Look below for the line containing "Gancio Bici da"; from there, print each line exactly up to and including the line containing "Top Plaza Wire", and stop.
── EXERCISE DATA
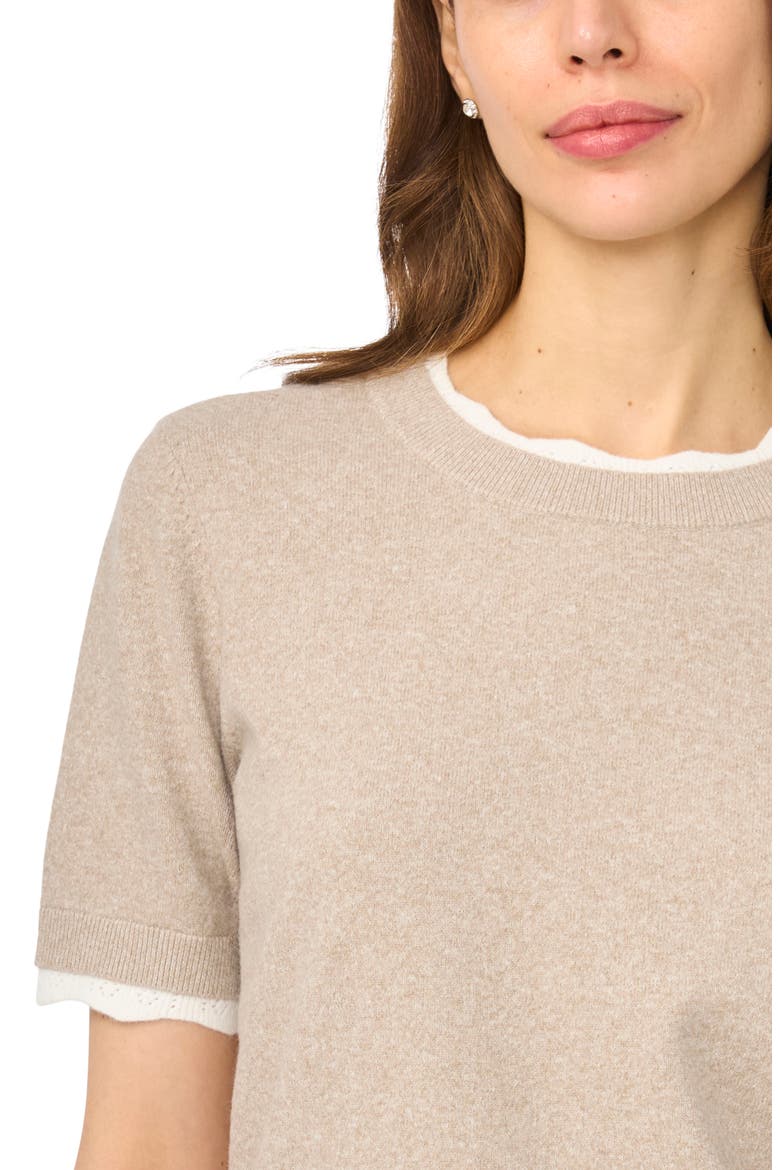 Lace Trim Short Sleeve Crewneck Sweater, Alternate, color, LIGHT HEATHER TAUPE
────
── EXERCISE DATA
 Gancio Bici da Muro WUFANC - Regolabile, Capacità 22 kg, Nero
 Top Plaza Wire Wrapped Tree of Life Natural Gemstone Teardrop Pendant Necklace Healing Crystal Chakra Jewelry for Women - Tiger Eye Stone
────
── EXERCISE DATA
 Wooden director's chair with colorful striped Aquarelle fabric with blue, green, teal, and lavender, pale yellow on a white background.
────
EXPECTED ANSWER =
 Gancio Bici da Muro WUFANC - Regolabile, Capacità 22 kg, Nero
 Top Plaza Wire Wrapped Tree of Life Natural Gemstone Teardrop Pendant Necklace Healing Crystal Chakra Jewelry for Women - Tiger Eye Stone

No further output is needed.